星製薬に話がつながってゆくのは予想がつきましたが、星新一の母系は森鴎外につながるとは。
また、SFという新しいジャンル、いや、むしろパラダイムと呼んだほうがいいのか、この本にはこの語は書いていないのですが、新しいパラダイムが立ち上がる時には、ダイレクトに人と出会って対面して言葉を交わしてゆくのがこんなに大事なのか、というところに驚かされました。
私が星新一を読み始めた70年代半ばには、もう小松・筒井ともSFの大御所。「時をかける少女」が「タイム・トラベラー」というタイトルでNHKの少年ドラマシリーズにかかっていて、毎回筒井康隆がバックライトを浴びてタイム・トラベルについての奇談を語るのをおぼろげに覚えています。
だから、SF成立ももう終わった歴史としてしか意識してこなかったので、改めてこの大部でその流れを読めたのはうれしかったです。
読み終わってから不思議だったのですが、SFのテレビ・映画への波及についての言及は大きくありましたが、マンガのほうへは手塚治だけに終っていたのが、ちょっと残念。というのは、日本のSFパラダイムを成立させていった大きな立役者に、萩尾望都も入るのでは、と思うからです。70年代の終わりころ、萩尾氏は漫画エッセイでSF,SFと繰り返していた記憶がありますし、その中で、『星新一氏にお目にかかった、神々しくて絵に出来ない。

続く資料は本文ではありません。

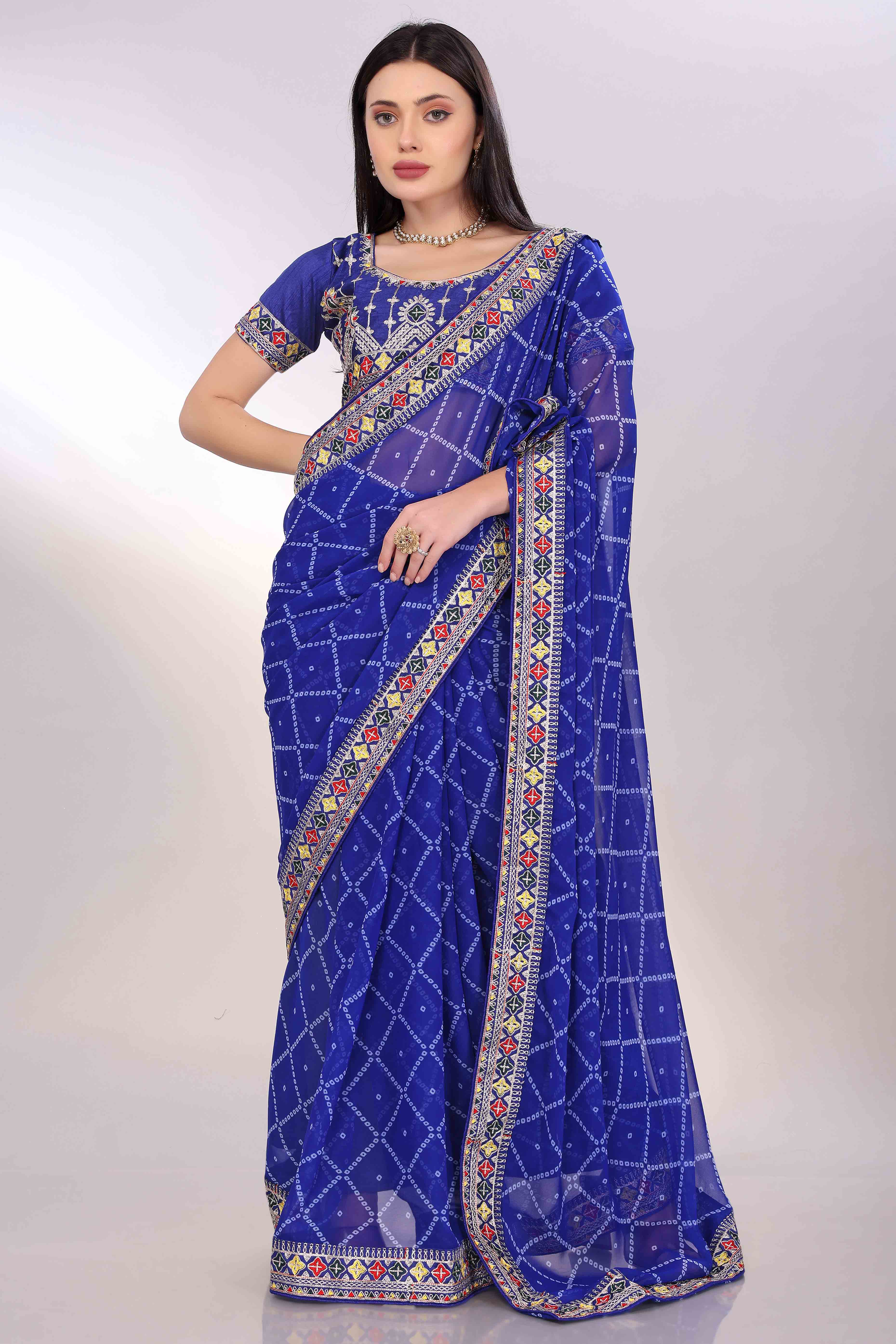 Blue Bandhani Printed Georgette Saree Framed With Elegant Embroidered Border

ぺカーッ!』というコマを見た記憶もあるからです。
マンガまで広げると収拾がつかなくなる、ということかもしれませんが、少年文化の文脈での星新一の重要性は語られているのに、少女文化への波及についても目配りがほしかったなあ、と思いました。
同著者の、もう一冊の星新一本も読んでみなくては。